-- Task item --
Print the whole listing, keeping every line exactly as given.

Records to use section start

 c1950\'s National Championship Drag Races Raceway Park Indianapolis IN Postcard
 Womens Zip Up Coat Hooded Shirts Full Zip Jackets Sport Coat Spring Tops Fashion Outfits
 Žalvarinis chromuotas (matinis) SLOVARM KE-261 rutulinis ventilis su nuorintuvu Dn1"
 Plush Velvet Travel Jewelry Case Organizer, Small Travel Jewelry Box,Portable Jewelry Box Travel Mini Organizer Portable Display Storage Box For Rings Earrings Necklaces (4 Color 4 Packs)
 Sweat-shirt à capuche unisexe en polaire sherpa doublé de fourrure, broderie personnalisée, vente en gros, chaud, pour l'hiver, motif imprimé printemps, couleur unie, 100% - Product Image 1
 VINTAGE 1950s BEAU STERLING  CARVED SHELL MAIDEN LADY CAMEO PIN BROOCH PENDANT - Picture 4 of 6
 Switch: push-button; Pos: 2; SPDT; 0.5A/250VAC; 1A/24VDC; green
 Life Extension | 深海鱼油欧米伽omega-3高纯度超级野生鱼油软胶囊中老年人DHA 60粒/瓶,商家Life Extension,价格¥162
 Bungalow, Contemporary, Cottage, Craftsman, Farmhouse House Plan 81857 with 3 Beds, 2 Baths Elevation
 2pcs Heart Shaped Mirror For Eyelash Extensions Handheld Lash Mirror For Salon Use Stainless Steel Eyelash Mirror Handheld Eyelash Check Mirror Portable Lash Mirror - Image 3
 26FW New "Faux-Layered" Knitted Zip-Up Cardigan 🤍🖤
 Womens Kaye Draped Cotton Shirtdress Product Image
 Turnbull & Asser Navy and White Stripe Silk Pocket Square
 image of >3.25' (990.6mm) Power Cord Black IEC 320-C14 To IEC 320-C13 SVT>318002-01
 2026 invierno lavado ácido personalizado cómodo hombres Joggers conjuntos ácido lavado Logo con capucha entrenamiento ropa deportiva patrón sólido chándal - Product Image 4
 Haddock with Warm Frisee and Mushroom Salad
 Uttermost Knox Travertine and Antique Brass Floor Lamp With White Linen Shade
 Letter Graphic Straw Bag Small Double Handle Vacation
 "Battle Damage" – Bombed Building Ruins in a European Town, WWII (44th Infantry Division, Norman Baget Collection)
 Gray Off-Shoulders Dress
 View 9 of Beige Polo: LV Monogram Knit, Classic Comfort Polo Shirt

Records to use section end

-- Answer space --
 c1950\'s National Championship Drag Races Raceway Park Indianapolis IN Postcard
 Womens Zip Up Coat Hooded Shirts Full Zip Jackets Sport Coat Spring Tops Fashion Outfits
 Žalvarinis chromuotas (matinis) SLOVARM KE-261 rutulinis ventilis su nuorintuvu Dn1"
 Plush Velvet Travel Jewelry Case Organizer, Small Travel Jewelry Box,Portable Jewelry Box Travel Mini Organizer Portable Display Storage Box For Rings Earrings Necklaces (4 Color 4 Packs)
 Sweat-shirt à capuche unisexe en polaire sherpa doublé de fourrure, broderie personnalisée, vente en gros, chaud, pour l'hiver, motif imprimé printemps, couleur unie, 100% - Product Image 1
 VINTAGE 1950s BEAU STERLING  CARVED SHELL MAIDEN LADY CAMEO PIN BROOCH PENDANT - Picture 4 of 6
 Switch: push-button; Pos: 2; SPDT; 0.5A/250VAC; 1A/24VDC; green
 Life Extension | 深海鱼油欧米伽omega-3高纯度超级野生鱼油软胶囊中老年人DHA 60粒/瓶,商家Life Extension,价格¥162
 Bungalow, Contemporary, Cottage, Craftsman, Farmhouse House Plan 81857 with 3 Beds, 2 Baths Elevation
 2pcs Heart Shaped Mirror For Eyelash Extensions Handheld Lash Mirror For Salon Use Stainless Steel Eyelash Mirror Handheld Eyelash Check Mirror Portable Lash Mirror - Image 3
 26FW New "Faux-Layered" Knitted Zip-Up Cardigan 🤍🖤
 Womens Kaye Draped Cotton Shirtdress Product Image
 Turnbull & Asser Navy and White Stripe Silk Pocket Square
 image of >3.25' (990.6mm) Power Cord Black IEC 320-C14 To IEC 320-C13 SVT>318002-01
 2026 invierno lavado ácido personalizado cómodo hombres Joggers conjuntos ácido lavado Logo con capucha entrenamiento ropa deportiva patrón sólido chándal - Product Image 4
 Haddock with Warm Frisee and Mushroom Salad
 Uttermost Knox Travertine and Antique Brass Floor Lamp With White Linen Shade
 Letter Graphic Straw Bag Small Double Handle Vacation
 "Battle Damage" – Bombed Building Ruins in a European Town, WWII (44th Infantry Division, Norman Baget Collection)
 Gray Off-Shoulders Dress
 View 9 of Beige Polo: LV Monogram Knit, Classic Comfort Polo Shirt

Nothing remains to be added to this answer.